I have 3 questions regarding subclassing of scipy.stats.rv_continuous. My goal is to code a statistical mixture model of a truncated normal distribution, a truncated exponential distribution and 2 uniform distributions.
1) Why is drawing random variates via mm_model.rvs(size = 1000) so extremely slow? I read something about performance issues in the documentary, but I was really surprised.
2) After drawing random variates via mm_model.rvs(size = 1000) I get this IntegrationWarning?

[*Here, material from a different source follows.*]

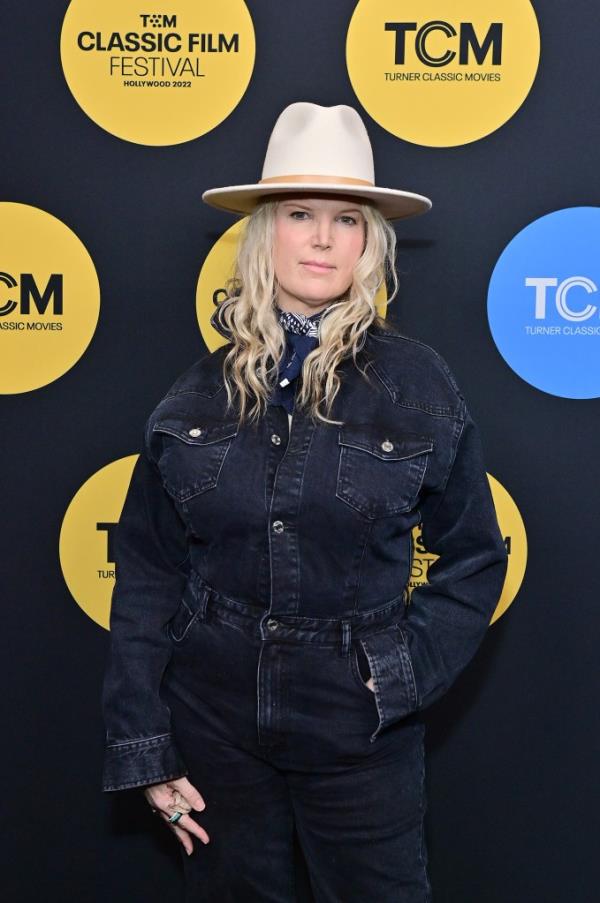 Louise Stratten, pictured in 2022 at the TMC Classic Film Festival.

IntegrationWarning: The maximum number of subdivisions (50) has been achieved. If increasing the limit yields no improvement it is advised to analyze the integrand in order to determine the difficulties. If the position of a local difficulty can be determined (singularity, discontinuity) one will probably gain from splitting up the interval and calling the integrator on the subranges. Perhaps a special-purpose integrator should be used. warnings.warn(msg, IntegrationWarning)
3) I read in the documentary that I can transmit parameters to the pdf via the "shape" parameter. I tried to adjust my pdf and set the shape parameter but it did not work. Could someone explain it?
Thanks for any help.
def trunc_norm(z,low_bound,up_bound,mu,sigma):
a = (low_bound - mu) / sigma
b = (up_bound - mu) / sigma
return stats.truncnorm.pdf(z,a,b,loc=mu,scale=sigma)
def trunc_exp(z,up_bound,lam):
return stats.truncexpon.pdf(z,b=up_bound*lam,scale=1/lam)
def uniform(z,a,b):
return stats.uniform.pdf(z,loc=a,scale=(b-a))
class Measure_mixture_model(stats.rv_continuous):
def _pdf(self,z):
z_true = 8
z_min = 0
z_max = 10
p_hit = 0.7
p_short = 0.1
p_max = 0.1
p_rand = 0.1
sig_hit = 1
lambda_short = 0.5
sum_p = p_hit + p_short + p_max + p_rand
if sum_p < 0.99 or 1.01 < sum_p:
misc.eprint("apriori probabilities p_hit, p_short, p_max, p_rand have to be 1!")
return None
pdf_hit = trunc_norm(z,z_min,z_max,z_true,sig_hit)
pdf_short = trunc_exp(z,z_true,lambda_short)
pdf_max = uniform(z,0.99*z_max,z_max)
pdf_rand = uniform(z,z_min,z_max)
pdf = p_hit * pdf_hit + p_short * pdf_short + p_max * pdf_max + p_rand * pdf_rand
return pdf
#mm_model = Measure_mixture_model(shapes='z_true,z_min,z_max,p_hit,p_short,p_max,p_rand,sig_hit,lambda_short')
mm_model = Measure_mixture_model()
z = np.linspace(-1,11,1000)
samples = mm_model.pdf(z)
plt.plot(z,samples)
plt.show()
rand_samples = mm_model.rvs(size = 1000)
bins = np.linspace(-1, 11, 100)
plt.hist(rand_samples,bins)
plt.title("measure mixture model")
plt.xlabel("z: measurement")
plt.ylabel("p: relative frequency")
plt.show()